## What to produce
Which lines of the records below contain the word "Cotton"? Report each of them in full.

## Data under study
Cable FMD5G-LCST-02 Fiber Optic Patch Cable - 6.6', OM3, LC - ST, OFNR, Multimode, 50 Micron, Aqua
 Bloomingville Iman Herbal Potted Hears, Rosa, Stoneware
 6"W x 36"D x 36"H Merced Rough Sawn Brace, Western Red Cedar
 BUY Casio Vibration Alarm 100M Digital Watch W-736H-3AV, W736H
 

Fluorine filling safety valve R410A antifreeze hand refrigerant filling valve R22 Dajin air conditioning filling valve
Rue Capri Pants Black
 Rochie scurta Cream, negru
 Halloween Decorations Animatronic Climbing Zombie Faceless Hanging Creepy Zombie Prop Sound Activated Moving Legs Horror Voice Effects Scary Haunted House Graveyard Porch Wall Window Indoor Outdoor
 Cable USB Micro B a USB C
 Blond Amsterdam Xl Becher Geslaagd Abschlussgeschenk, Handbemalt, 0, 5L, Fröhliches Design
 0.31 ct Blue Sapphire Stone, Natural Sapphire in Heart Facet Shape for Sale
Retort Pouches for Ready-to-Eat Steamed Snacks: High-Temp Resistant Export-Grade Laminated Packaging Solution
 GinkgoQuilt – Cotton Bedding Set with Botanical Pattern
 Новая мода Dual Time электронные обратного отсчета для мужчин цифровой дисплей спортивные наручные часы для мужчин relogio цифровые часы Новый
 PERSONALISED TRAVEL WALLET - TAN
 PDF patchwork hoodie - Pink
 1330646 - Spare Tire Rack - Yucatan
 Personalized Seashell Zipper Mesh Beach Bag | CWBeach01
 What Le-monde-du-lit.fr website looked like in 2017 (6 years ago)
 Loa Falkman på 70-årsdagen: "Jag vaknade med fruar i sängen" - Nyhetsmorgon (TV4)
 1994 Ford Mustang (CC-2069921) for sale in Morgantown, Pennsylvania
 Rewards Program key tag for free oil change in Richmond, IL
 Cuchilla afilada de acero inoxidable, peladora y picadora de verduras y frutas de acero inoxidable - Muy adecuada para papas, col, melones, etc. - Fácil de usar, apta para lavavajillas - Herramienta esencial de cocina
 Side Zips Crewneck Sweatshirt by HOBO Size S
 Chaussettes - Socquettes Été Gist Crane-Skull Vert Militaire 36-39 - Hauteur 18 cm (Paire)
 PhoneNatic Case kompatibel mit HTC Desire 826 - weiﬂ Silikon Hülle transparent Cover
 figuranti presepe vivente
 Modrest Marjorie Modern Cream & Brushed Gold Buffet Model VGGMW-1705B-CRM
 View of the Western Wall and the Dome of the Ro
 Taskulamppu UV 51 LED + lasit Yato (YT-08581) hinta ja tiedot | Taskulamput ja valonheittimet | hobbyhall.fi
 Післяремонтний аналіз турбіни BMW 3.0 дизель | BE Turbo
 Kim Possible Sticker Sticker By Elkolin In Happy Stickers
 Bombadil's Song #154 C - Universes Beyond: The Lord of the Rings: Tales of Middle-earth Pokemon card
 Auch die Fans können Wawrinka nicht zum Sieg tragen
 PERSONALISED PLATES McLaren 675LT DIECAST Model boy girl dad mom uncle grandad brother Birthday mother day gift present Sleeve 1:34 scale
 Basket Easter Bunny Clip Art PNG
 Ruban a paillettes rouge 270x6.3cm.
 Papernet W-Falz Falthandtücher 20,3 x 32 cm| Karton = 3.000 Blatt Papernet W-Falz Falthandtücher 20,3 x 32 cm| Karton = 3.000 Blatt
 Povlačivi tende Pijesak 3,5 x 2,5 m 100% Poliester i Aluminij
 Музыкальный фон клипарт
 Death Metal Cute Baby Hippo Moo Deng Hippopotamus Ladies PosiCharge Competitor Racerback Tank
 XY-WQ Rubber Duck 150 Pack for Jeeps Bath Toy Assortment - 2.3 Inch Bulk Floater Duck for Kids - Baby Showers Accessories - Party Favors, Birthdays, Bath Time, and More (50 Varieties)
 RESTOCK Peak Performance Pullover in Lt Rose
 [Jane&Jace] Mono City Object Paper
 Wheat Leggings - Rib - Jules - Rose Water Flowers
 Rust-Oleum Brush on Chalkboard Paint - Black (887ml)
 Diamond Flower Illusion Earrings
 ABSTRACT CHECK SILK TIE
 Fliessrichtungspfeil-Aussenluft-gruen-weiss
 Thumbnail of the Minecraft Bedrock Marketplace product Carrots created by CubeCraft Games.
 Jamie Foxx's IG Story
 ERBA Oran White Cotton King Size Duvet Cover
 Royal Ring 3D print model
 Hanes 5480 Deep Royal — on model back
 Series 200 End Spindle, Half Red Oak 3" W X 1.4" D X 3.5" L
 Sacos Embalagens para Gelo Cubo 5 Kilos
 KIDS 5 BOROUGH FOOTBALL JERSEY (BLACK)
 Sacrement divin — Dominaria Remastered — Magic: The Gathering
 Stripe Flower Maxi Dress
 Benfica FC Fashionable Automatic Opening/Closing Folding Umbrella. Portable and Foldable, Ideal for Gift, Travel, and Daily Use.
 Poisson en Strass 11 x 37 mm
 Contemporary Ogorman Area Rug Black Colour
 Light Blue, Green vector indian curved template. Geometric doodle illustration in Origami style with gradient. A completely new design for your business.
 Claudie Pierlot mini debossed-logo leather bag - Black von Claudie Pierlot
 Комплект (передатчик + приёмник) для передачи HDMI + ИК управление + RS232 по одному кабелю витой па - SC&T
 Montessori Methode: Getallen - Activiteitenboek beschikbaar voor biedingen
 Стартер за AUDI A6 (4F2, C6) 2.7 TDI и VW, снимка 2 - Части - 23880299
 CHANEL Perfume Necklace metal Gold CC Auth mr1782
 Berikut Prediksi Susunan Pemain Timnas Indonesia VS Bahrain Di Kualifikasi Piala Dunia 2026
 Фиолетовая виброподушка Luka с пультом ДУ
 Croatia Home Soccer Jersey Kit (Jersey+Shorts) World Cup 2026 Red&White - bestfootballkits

## Output for this exercise
 GinkgoQuilt – Cotton Bedding Set with Botanical Pattern
 ERBA Oran White Cotton King Size Duvet Cover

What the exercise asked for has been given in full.